Banking Sector - Steady Growth Momentum

sectoranalyst
Publish date: Thu, 26 Dec 2024, 10:14 AM

We anticipate loan growth of 6.4% in 2025, with consumer loans remaining a key driver, bolstered by a resilient labour market, supportive policies, and steady consumer demand. Business and SME loans are also expected to gain momentum, driven by robust manufacturing, technology, and construction activity. With that, we forecast healthy net interest income (NII) growth of 5.3% and 5.1% YoY in CY25 and CY26, respectively, driven by healthier loan growth and stable net interest margins (NIM). Income from Islamic Banking Operations is projected to rise by 6.3% and 6.7% YoY over the same period.

Sector-wide NIM is expected to improve by 1-5 bps, supported by easing funding cost pressures and expectations that Bank Negara Malaysia (BNM) will maintain the Overnight Policy Rate (OPR) at 3%. However, some downside risks to NIM remain, such as rising competition in asset yields within certain sectors. In our view, BNM's proposal to abolish the Rule of 78 could potentially reduce NIM for banks.

Meanwhile, the non-interest income (non-NII) is expected to expand by 9.1% in CY25 and 9.8% in CY26, bolstered by continued market volatility, rising demand for loans, Bancassurance, and Wealth Management products, and a steady pickup in capital market activities. Banks with established Investment Banking outfits are well-positioned to capitalise on this upward trajectory.

The banking sector's asset quality has remained strong, with total impaired loans declining to RM30.9bn in October 2024 and consumer and business impaired loans showing stability. The outlook for provisions is expected to continue improving, with a lower gross credit assumption in CY25 and CY26. Banks under our coverage still have accumulated management overlays totalling around RM7.6bn. The Malaysian banking system also remains well-capitalised and supported by ample liquidity. The sector's Common Equity Tier 1 and Total Capital Ratio stand at 14.4% and 18.0%.

Potential downside risks to earnings include operating expenses, which are expected to rise by 7% in CY25 and CY26, attributed to higher personnel, establishment, and marketing costs. The need for IT investments is increasing due to cyber threats and data privacy concerns as the adoption of e-payments and digital infrastructure is also accelerating. While we expect banks to manage personnel costs by improving staff efficiency, there may be a need to re-evaluate branch network size and distribution. Despite rising costs, we forecast the banking sector's cost-to-income ratio to remain stable at around 45.9% in CY25 due to positive JAWs.

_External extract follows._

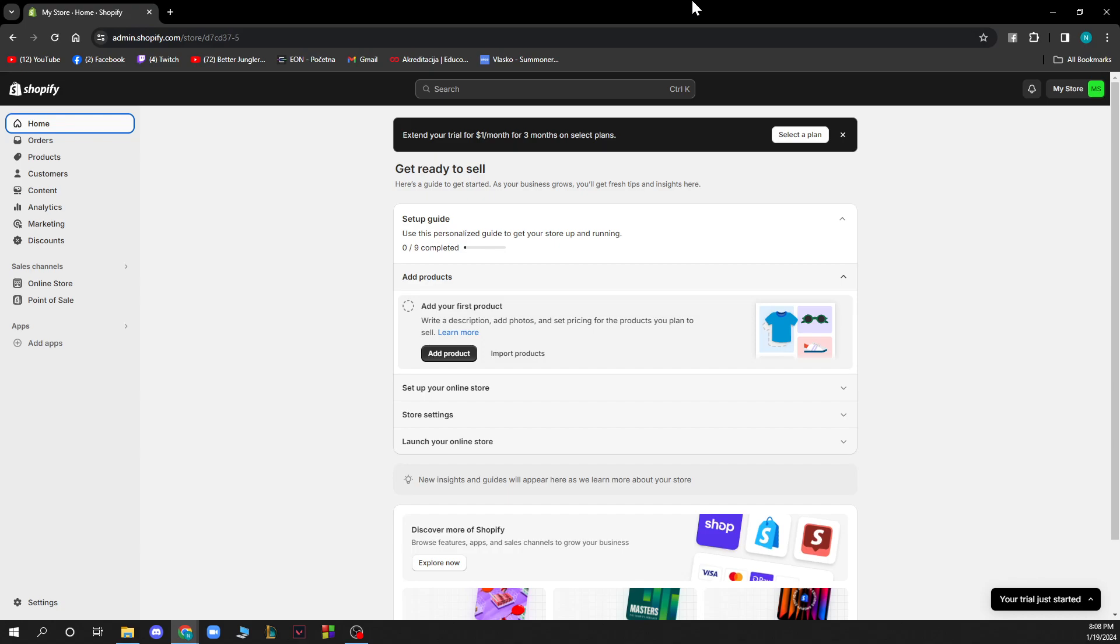When you do this, you just need to log into a Shopify account. If you do not have a Shopify account, you need to register to Shopify. If you don't know how to do that, go to our channel where we have plenty of how-to Shopify videos where you can see how to register to Shopify.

In all, the banking sector remains an attractive investment opportunity, with an attractive FY25 P/B valuation of 1.06x and an industry ROE of 10.2%. However, several banks are trading above the 1- standard deviation (SD) of their 10-year PBV cycle, suggesting that valuations are becoming stretched. Despite this, there is potential for upside due to improving investor confidence, favourable economic indicators, and a stable domestic political environment. Sector earnings are also projected to grow by 6.0% to RM37.6bn, driven by a 6.3% increase in loan growth and stabilising margins following 2024's NIM compression. We maintain an OVERWEIGHT stance on the sector. Our top BUY picks are Public Bank, CIMB and Maybank. We also have BUY recommendations on AMMB, Hong Leong Bank, RHB Bank, and Alliance Bank. Given the recent decline in the share price and the expanded risk-reward potential, we take this opportunity to raise Affin Bank from hold to BUY.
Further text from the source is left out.